The following data has a line with "Fisherman's Delight Tee" and a line with "న‌ల్ల‌గొండ‌లో వ్య‌క్తి ఆత్మ‌హ‌త్య‌". Write out exactly those lines and all the lines between them.

==========

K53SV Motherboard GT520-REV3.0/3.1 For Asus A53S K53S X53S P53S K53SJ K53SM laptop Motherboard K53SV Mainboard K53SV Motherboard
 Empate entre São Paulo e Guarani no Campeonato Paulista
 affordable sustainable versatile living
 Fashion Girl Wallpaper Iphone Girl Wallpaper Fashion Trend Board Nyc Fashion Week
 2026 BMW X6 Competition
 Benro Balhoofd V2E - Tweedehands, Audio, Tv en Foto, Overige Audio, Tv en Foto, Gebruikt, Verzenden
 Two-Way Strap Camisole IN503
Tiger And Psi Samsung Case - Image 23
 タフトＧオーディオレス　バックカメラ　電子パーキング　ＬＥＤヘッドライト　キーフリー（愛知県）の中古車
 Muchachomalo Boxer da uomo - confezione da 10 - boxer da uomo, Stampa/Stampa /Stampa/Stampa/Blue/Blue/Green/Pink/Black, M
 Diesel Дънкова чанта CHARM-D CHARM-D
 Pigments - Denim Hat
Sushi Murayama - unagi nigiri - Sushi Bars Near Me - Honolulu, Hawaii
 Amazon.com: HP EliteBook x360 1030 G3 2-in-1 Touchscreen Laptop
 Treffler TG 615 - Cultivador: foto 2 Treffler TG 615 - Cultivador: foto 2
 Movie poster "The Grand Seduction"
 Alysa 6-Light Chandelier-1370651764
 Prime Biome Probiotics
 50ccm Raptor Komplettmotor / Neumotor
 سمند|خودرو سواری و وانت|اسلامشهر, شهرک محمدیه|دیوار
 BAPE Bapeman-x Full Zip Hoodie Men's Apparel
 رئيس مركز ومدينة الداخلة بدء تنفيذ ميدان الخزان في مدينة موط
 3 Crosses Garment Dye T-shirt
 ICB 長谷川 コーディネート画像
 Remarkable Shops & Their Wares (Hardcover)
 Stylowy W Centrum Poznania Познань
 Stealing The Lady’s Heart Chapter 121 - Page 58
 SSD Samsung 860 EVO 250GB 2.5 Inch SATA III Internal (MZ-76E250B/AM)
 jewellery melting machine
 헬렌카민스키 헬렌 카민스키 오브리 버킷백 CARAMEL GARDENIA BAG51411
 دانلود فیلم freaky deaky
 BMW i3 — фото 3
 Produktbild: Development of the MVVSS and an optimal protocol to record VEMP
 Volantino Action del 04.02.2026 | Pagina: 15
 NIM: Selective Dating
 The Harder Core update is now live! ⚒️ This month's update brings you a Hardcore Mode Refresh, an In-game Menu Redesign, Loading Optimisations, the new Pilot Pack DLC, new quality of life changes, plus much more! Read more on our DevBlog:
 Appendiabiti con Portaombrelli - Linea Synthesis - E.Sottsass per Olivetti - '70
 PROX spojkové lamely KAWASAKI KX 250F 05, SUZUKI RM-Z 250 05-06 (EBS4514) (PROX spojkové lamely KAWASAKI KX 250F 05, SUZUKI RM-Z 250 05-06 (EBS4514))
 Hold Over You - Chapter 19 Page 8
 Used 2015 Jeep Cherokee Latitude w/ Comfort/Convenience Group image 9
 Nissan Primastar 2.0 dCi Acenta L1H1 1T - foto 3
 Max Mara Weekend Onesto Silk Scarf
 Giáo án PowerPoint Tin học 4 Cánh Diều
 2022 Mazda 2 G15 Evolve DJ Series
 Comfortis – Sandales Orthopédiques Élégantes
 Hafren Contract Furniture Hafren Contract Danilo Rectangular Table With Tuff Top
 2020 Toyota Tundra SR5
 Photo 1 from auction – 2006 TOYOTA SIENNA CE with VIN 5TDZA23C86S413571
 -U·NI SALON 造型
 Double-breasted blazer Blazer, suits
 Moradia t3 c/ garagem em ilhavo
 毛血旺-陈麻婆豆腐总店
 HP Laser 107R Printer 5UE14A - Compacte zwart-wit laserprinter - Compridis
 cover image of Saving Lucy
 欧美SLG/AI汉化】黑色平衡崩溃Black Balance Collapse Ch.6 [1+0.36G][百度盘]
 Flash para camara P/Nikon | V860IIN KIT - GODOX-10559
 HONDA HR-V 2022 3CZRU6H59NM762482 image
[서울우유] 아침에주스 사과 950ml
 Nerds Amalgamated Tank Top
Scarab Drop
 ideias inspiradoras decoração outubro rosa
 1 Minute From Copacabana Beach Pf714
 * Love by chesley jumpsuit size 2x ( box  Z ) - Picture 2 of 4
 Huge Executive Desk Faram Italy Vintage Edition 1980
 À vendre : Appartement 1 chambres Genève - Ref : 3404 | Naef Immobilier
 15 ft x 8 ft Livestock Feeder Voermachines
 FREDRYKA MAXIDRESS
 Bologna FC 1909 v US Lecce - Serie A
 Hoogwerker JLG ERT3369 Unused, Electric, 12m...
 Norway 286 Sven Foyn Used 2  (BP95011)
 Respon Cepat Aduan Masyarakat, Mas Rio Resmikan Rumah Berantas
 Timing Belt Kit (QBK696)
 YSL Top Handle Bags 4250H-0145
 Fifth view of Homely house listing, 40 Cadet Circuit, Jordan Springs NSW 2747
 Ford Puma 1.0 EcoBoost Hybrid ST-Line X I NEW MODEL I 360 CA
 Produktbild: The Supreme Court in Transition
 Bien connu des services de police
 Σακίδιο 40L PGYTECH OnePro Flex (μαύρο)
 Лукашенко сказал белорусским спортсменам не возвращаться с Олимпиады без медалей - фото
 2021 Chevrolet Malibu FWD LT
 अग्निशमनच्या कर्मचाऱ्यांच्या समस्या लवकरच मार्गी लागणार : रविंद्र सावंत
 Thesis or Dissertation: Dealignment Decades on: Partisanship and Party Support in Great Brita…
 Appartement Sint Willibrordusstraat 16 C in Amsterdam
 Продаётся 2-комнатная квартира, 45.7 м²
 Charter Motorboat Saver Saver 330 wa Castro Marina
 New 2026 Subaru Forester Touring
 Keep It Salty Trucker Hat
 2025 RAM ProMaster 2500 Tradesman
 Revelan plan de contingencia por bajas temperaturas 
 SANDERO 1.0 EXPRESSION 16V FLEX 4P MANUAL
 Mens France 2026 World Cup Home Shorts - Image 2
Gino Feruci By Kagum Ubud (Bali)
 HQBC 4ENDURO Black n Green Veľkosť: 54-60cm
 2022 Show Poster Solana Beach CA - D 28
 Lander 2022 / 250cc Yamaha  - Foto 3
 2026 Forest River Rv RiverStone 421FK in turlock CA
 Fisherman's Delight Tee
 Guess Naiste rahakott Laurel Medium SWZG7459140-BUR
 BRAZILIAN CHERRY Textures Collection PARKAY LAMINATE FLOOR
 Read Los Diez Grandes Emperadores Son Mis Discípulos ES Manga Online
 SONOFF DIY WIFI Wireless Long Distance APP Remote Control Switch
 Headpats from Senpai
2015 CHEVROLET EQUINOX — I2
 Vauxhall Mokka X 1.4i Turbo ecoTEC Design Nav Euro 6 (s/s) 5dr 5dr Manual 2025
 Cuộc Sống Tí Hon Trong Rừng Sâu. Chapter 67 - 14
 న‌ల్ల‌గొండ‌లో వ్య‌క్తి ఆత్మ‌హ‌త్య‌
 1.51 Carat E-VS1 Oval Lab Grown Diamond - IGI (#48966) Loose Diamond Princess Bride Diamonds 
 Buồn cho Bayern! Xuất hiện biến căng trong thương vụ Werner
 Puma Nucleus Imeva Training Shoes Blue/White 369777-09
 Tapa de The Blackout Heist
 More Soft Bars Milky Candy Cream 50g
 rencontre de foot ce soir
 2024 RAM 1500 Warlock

==========

• OUTPUT BELOW
 Fisherman's Delight Tee
 Guess Naiste rahakott Laurel Medium SWZG7459140-BUR
 BRAZILIAN CHERRY Textures Collection PARKAY LAMINATE FLOOR
 Read Los Diez Grandes Emperadores Son Mis Discípulos ES Manga Online
 SONOFF DIY WIFI Wireless Long Distance APP Remote Control Switch
 Headpats from Senpai
2015 CHEVROLET EQUINOX — I2
 Vauxhall Mokka X 1.4i Turbo ecoTEC Design Nav Euro 6 (s/s) 5dr 5dr Manual 2025
 Cuộc Sống Tí Hon Trong Rừng Sâu. Chapter 67 - 14
 న‌ల్ల‌గొండ‌లో వ్య‌క్తి ఆత్మ‌హ‌త్య‌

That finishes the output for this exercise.